**Exercise directions:**
A word-for-word copy of all entries is required, without images.

[Short text fragments from websites]
* * * * * * *
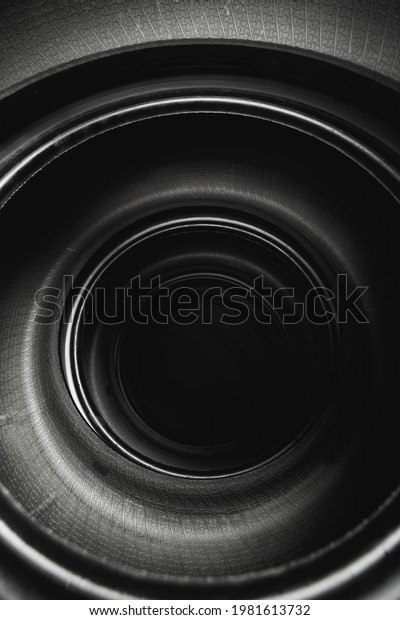 inside of
stacked car tires, abstract black
background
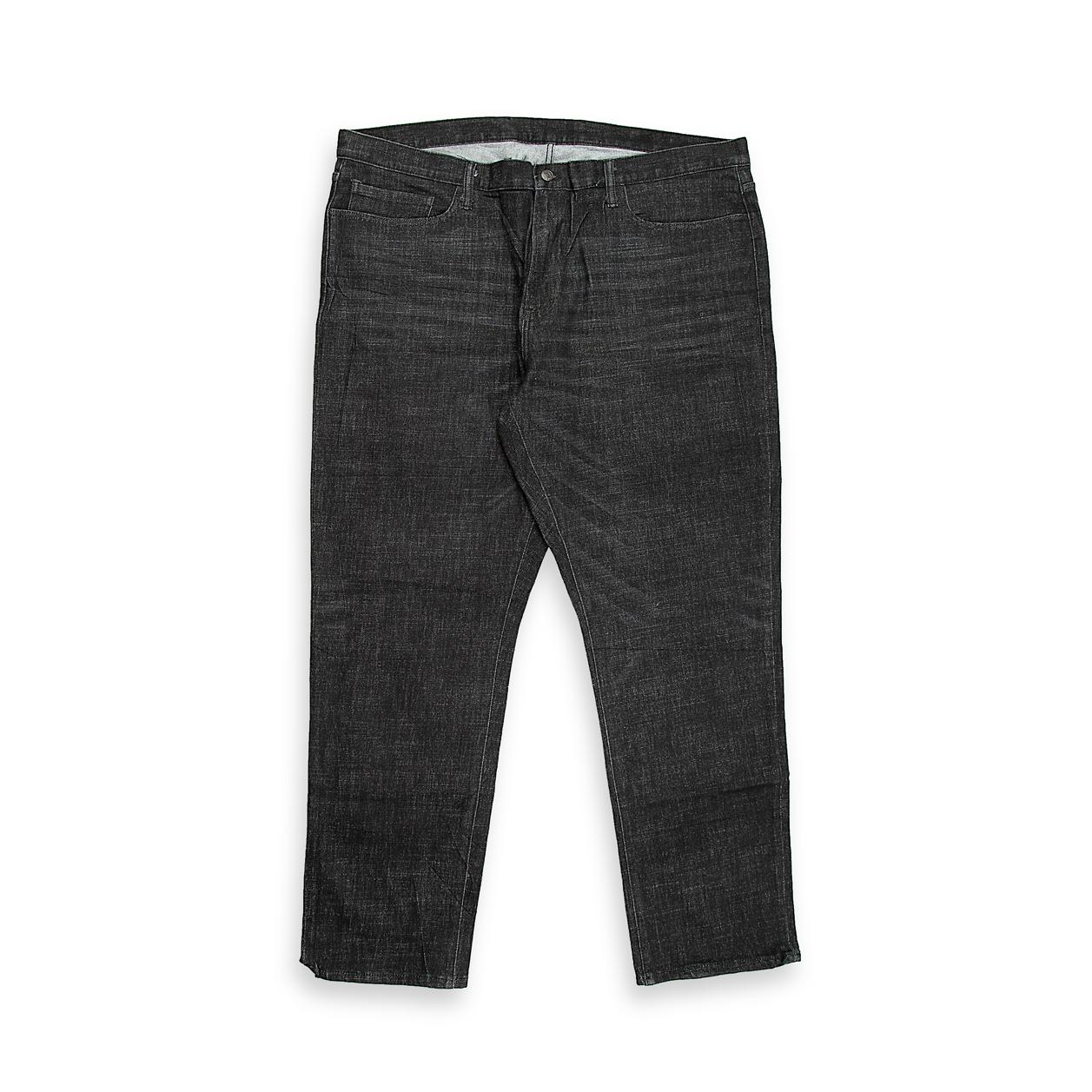 A sharp and sophisticated pair of five-pocket jeans in a deep, dark charcoal wash.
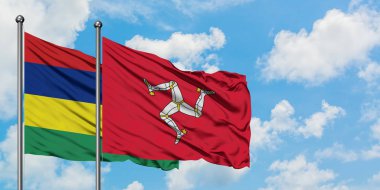 Mauritius ve Isle of Man bayrağı birlikte beyaz bulutlu mavi gökyüzüne karşı rüzgarda sallayarak. Diplomasi kavramı, uluslararası ilişkiler.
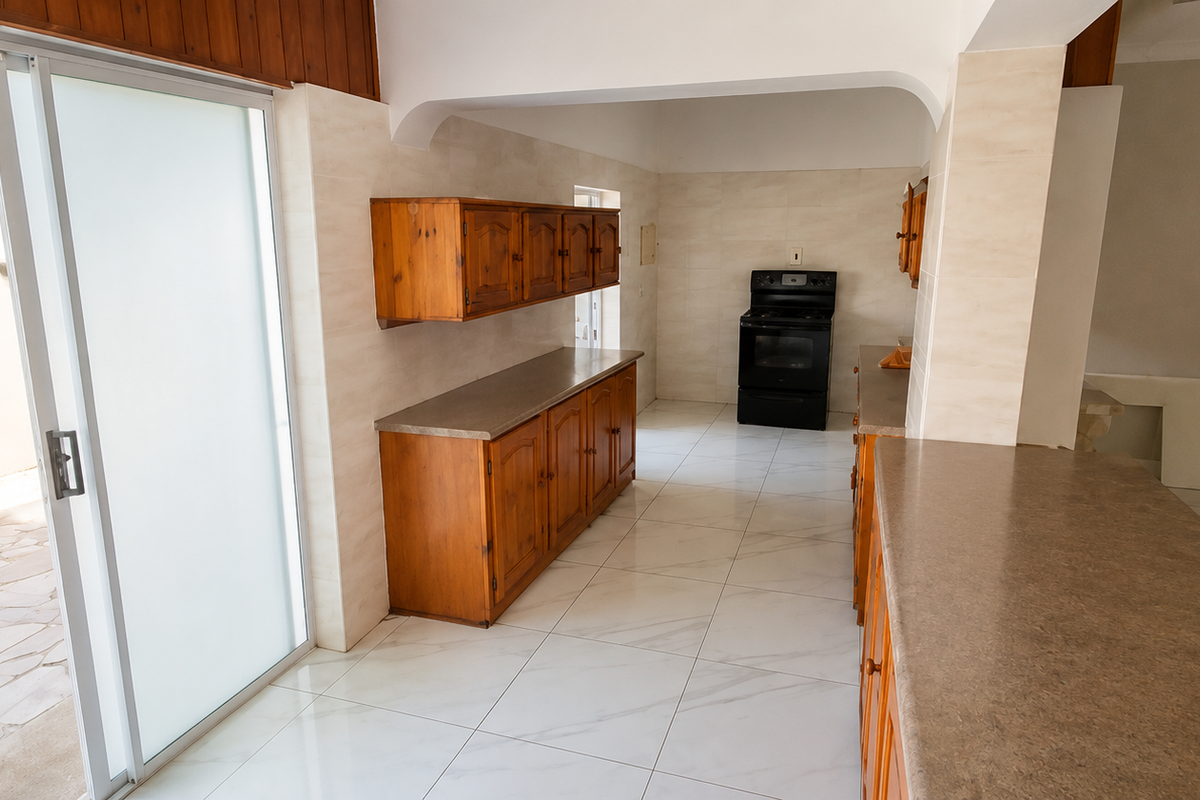 A spacious, empty kitchen featuring wooden cabinetry, stone-look countertops, a freestanding stove, and direct access to an outdoor patio area through sliding glass doors.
* * * * * * *
**Result below:**
 inside of
stacked car tires, abstract black
background
 A sharp and sophisticated pair of five-pocket jeans in a deep, dark charcoal wash.
 Mauritius ve Isle of Man bayrağı birlikte beyaz bulutlu mavi gökyüzüne karşı rüzgarda sallayarak. Diplomasi kavramı, uluslararası ilişkiler.
 A spacious, empty kitchen featuring wooden cabinetry, stone-look countertops, a freestanding stove, and direct access to an outdoor patio area through sliding glass doors.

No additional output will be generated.